Die Angrei­fe­rin war bei der EM im vergan­ge­nen Jahr in England mit sechs Treffern zum Turnier­star aufge­stie­gen und schraub­te ihre Bilanz nun auf 64 Tore im 129. Länder­spiel. Zu den etwa 2000 deutschen Fans im Stadi­on gehör­te auch Sami Khedi­ra. Der Weltmeis­ter von 2014 sah, wie Popps Doppel­pack der DFB-Elf viel Sicher­heit gab. Nach den enttäu­schen­den Testspiel-Auftrit­ten gegen Vietnam und Sambia war so manche Kritik aufgekommen.

Glück­wün­sche von Faeser

Schon bei der Natio­nal­hym­ne hatte Popp glänzen­de Augen. Am Ende saß sie als «Spiele­rin des Spiels» bei der Presse­kon­fe­renz und durfte sich die Lobes­wor­te ihrer Traine­rin anhören: «Alexan­dra Popp ist ein Leader, eine Spiel­füh­re­rin, wie man sie sich nicht besser wünschen kann. Aber sie ist gleich­zei­tig ein Teamplay­er», sagte Voss-Tecklen­burg. Aus der Heimat gratu­lier­ten Bundes­in­nen­mi­nis­te­rin Nancy Faeser und Außen­mi­nis­te­rin Annale­na Baerbock. «So kann es weiter­ge­hen!», schrieb Faeser bei Twitter.
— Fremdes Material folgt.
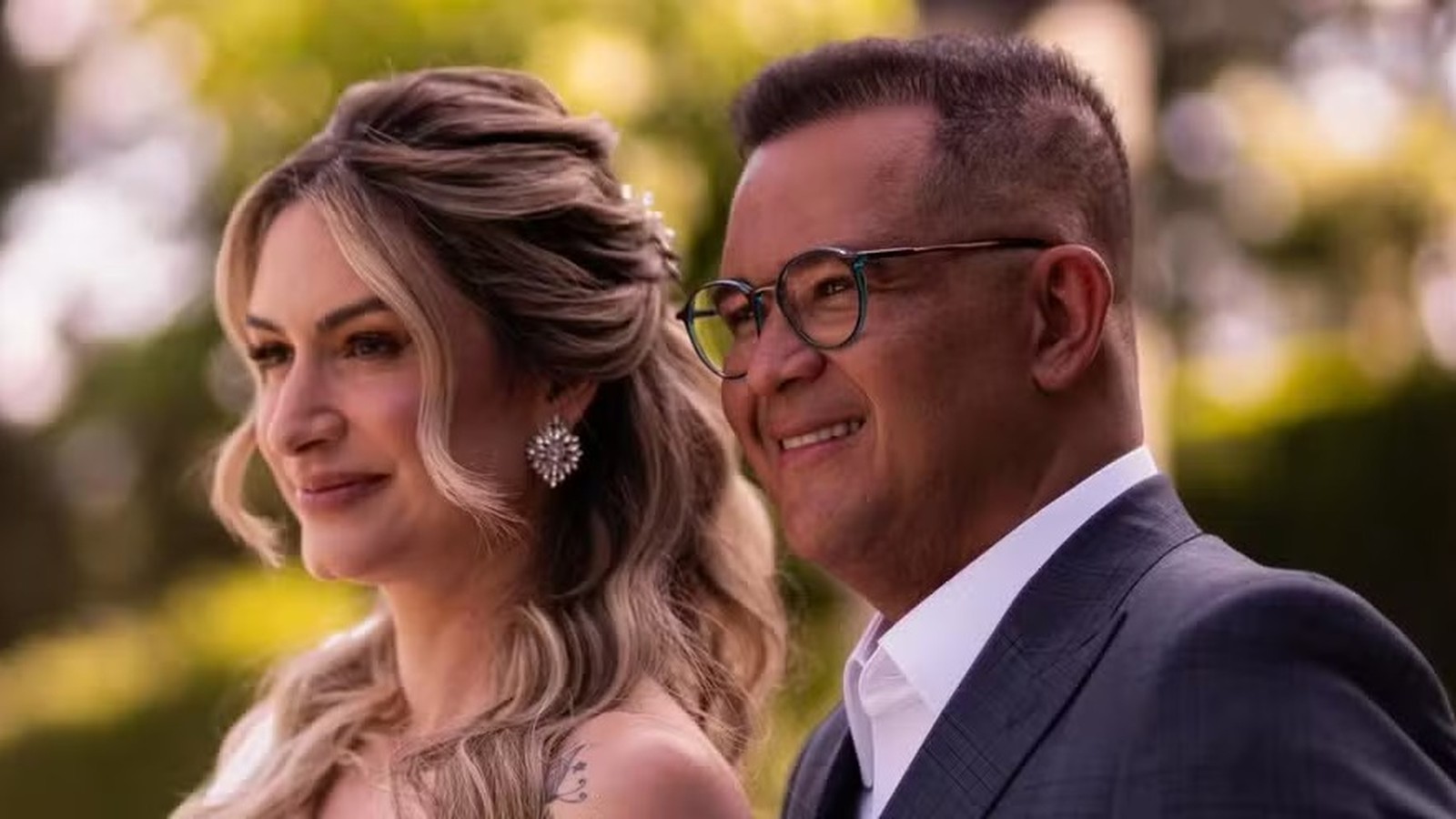 Mulher loira sorridente e homem de óculos sorrindo em um close-up ao ar livre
Die Art und Weise des Auftre­tens ihrer Kolle­gin­nen, «auch wie wir die Tore heraus gespielt haben, gibt sehr viel Selbst­be­wusst­sein für die nächs­ten Spiele», sagte Popp und beton­te: «Ich habe mir jetzt keine Zahl vorge­nom­men, wie viel Tore ich schie­ßen will. Ich will ins Finale kommen und das auch bestmög­lich spielen — und gewin­nen am Ende.»